No menos seductora y enigmática resultaba la intempestiva presencia de un viejo español cascarrabias que sabía romper la monotonía y las conversaciones hechas sobre la base de buenos modales, como escasas discrepancias. Nunca olvidé su nombre y con la machacona insistencia de un niño de esas edades, reiteraba cada vez que podía que mi padre me dijera el nombre de aquel personaje. Don Amadeo Erauskin Carasa, a quien reconocía como un español fue, sin pretenderlo, alguien de quien guardo recuerdos entrañables por la fuerza de sus ideas y su antipedagogía de hacer evidentes sus desacuerdos.

 

No recuerdo haber cruzado palabra alguna con don Amadeo, pero en un mundo de adultos y en un territorio tan ignoto de derechos, era prudente guardar energías para mejores tiempos y simplemente escuchar con alguna atención el fluir de ideas y comportamientos. Sin embargo, dejó su huella cuando alguna vez le preguntaron si volvería a España y contestó de manera volcánica: ¿Qué, yo claudicar? Mientras esté Franco, nunca volveré a España, escupió rabioso a los cuatro vientos.
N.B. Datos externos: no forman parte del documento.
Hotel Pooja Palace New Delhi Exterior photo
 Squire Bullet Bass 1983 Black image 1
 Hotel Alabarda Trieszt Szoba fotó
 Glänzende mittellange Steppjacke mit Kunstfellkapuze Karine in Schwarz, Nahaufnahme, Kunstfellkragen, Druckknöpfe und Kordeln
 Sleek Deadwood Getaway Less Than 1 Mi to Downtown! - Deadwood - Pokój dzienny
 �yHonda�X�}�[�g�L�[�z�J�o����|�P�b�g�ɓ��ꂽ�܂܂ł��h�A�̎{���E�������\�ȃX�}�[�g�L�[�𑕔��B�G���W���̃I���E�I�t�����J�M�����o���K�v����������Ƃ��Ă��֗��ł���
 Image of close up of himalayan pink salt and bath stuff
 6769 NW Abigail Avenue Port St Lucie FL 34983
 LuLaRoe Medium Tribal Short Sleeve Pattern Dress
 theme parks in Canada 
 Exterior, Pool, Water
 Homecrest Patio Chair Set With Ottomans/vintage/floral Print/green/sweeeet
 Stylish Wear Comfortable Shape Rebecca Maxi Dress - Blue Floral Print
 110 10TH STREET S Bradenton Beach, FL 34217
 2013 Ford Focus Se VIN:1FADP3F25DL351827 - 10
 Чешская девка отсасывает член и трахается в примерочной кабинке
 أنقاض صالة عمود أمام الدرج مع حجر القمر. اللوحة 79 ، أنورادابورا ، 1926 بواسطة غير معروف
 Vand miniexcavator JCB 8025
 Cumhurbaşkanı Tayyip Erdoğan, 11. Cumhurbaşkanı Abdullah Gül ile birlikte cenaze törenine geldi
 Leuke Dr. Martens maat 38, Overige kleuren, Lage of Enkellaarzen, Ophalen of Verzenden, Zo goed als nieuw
Después me enteré que sus amigos españoles residentes en Tuxtla le habían ofrecido pagarle el boleto de avión para regresar a España y visitar a sus familiares, cosa que desde luego rechazó.

 

No comulgo con la didáctica del improperio y la estridencia, pero acepto que pueden existir genuinas ideas mientras se deslizan desplantes inapropiados. No soy un santo y tampoco tengo aversión a las malas palabras. Para todo hay el momento y el lugar apropiado. Acepto, también, el derecho a tener ideas en contrario y expresarlas con la fuerza de las convicciones, pero jamás aceptaré un temperamento que no logra mantener bajo control sus sentimientos más básicos.

 

Sin embargo, debo agradecerle a don Amadeo que me enseñara a pesar de lo tosco de su didáctica que los buenos debates no se dan solamente con buenos modales, sino frente aquellos que no comulgan con nuestras ideas y el respeto que merecen mientras templan su carácter con la firme convicción de sus pensamientos. Jamás conocí a alguien con tan profunda coherencia moral, ni mis maestros de marxismo podían sucumbir ante el embrujo del capitalismo cuando nos ofrece el suficiente confort de nuestra cada vez precaria vida académica, pero que resulta un privilegio frente a la abyecta desigualdad y la exclusión imperantes. Mi tocayo Huerta supo interpretar muy bien estos dilemas que van quedando cada vez más en el olvido.